#### Provided records ####

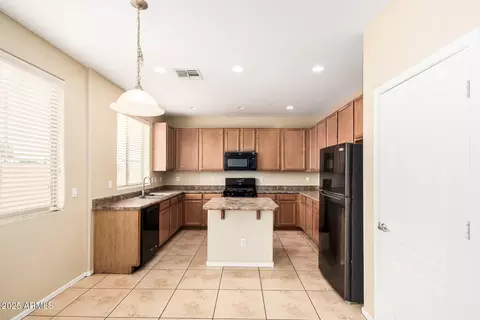 6334 S 37th Ln, Phoenix, AZ 85041 photo 12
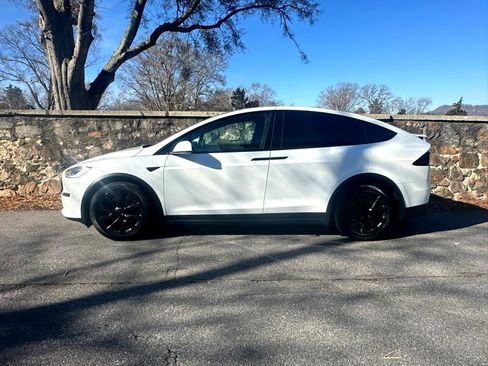 Used 2023 Tesla Model X image 10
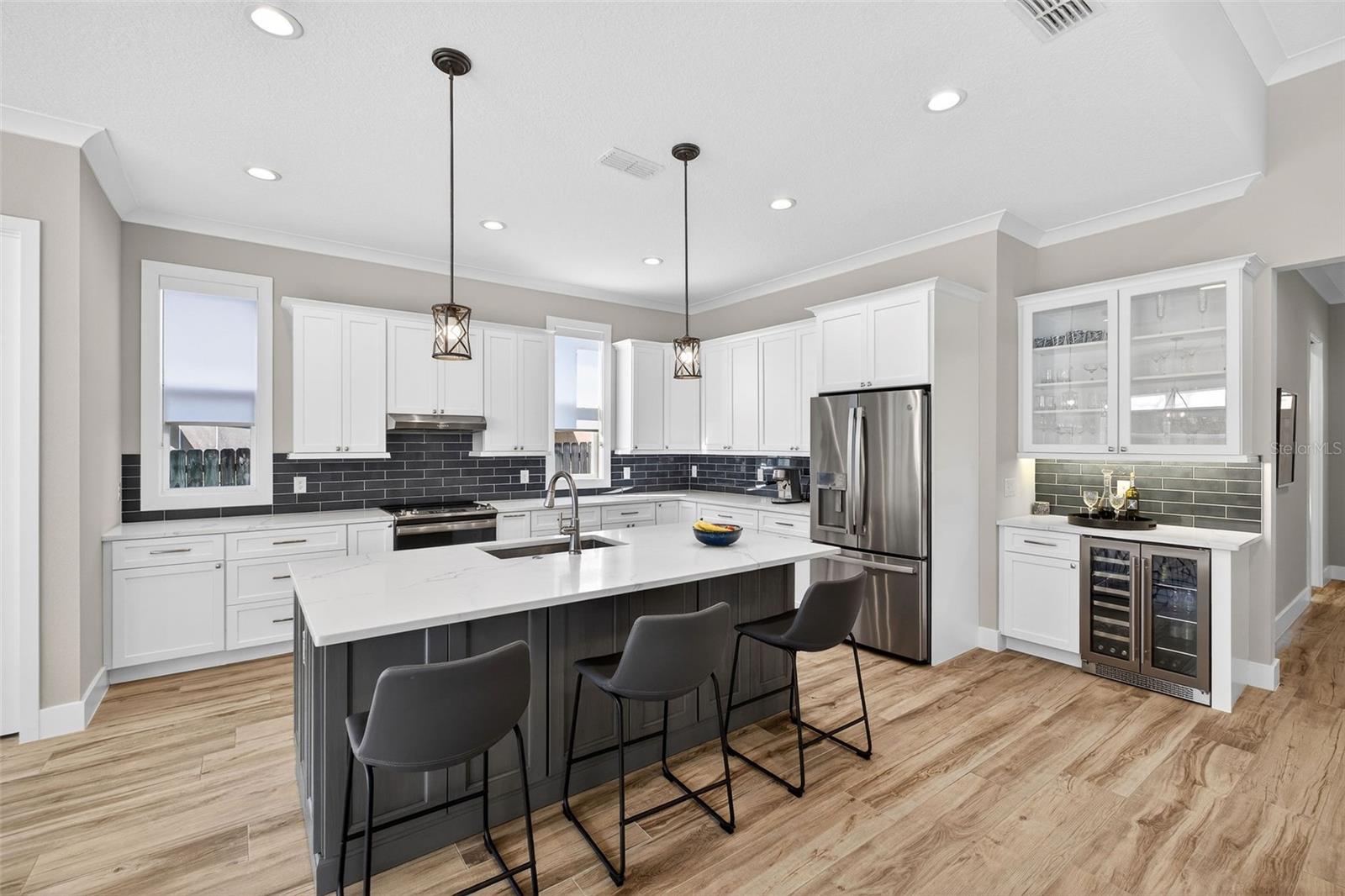 Image 6 of 47 For 520 Fitzwalter Drive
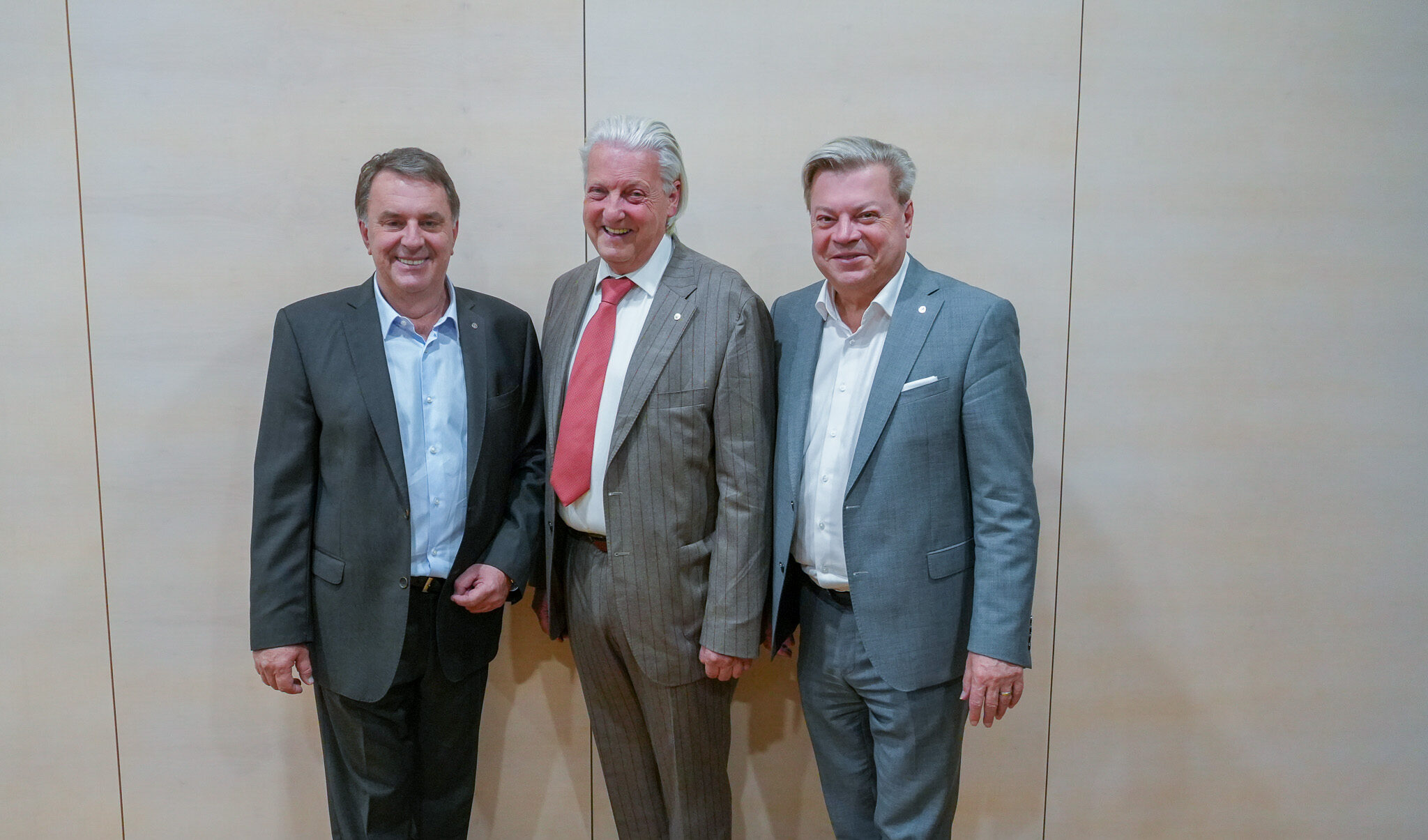 Der Wirtschaftsbund Niederösterreich gratuliert Alfred Babinsky zur Wiederwahl als Bezirksgruppenobmann im Bezirk Hollabrunn.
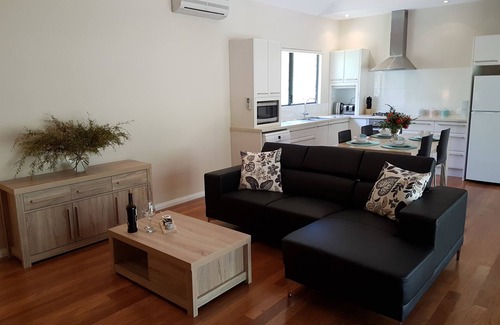 Rosa Glen Cabina | Jarrah Grove Forest Retreat - Adults Only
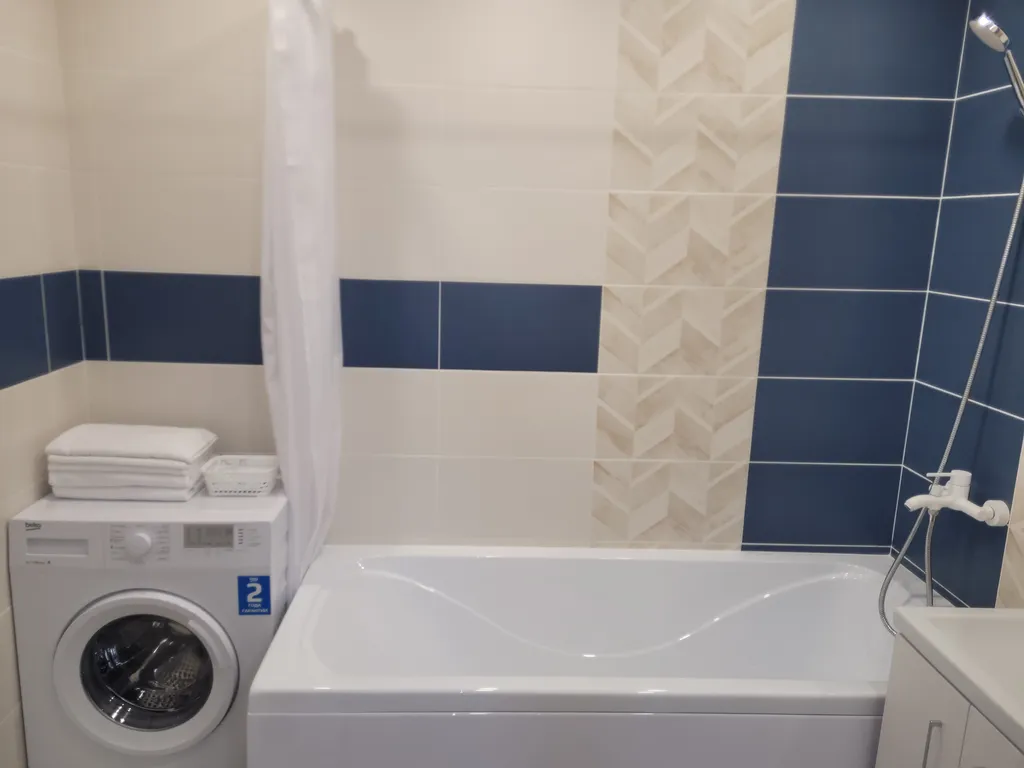 Современная студия возле вокзала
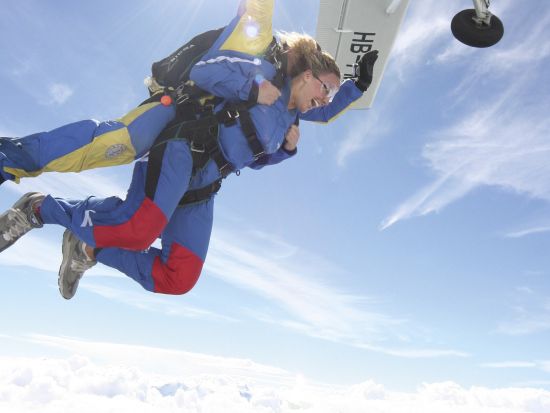 タンデム・スカイダイビング　アルプス山脈を上空から眺望！＜高度4,000m／英語インストラクター／インターラーケン発＞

####

**What to work on:** The records above should be reproduced exactly, with no pictures included.

**Exercise answer:**
 6334 S 37th Ln, Phoenix, AZ 85041 photo 12
 Used 2023 Tesla Model X image 10
 Image 6 of 47 For 520 Fitzwalter Drive
 Der Wirtschaftsbund Niederösterreich gratuliert Alfred Babinsky zur Wiederwahl als Bezirksgruppenobmann im Bezirk Hollabrunn.
 Rosa Glen Cabina | Jarrah Grove Forest Retreat - Adults Only
 Современная студия возле вокзала
 タンデム・スカイダイビング　アルプス山脈を上空から眺望！＜高度4,000m／英語インストラクター／インターラーケン発＞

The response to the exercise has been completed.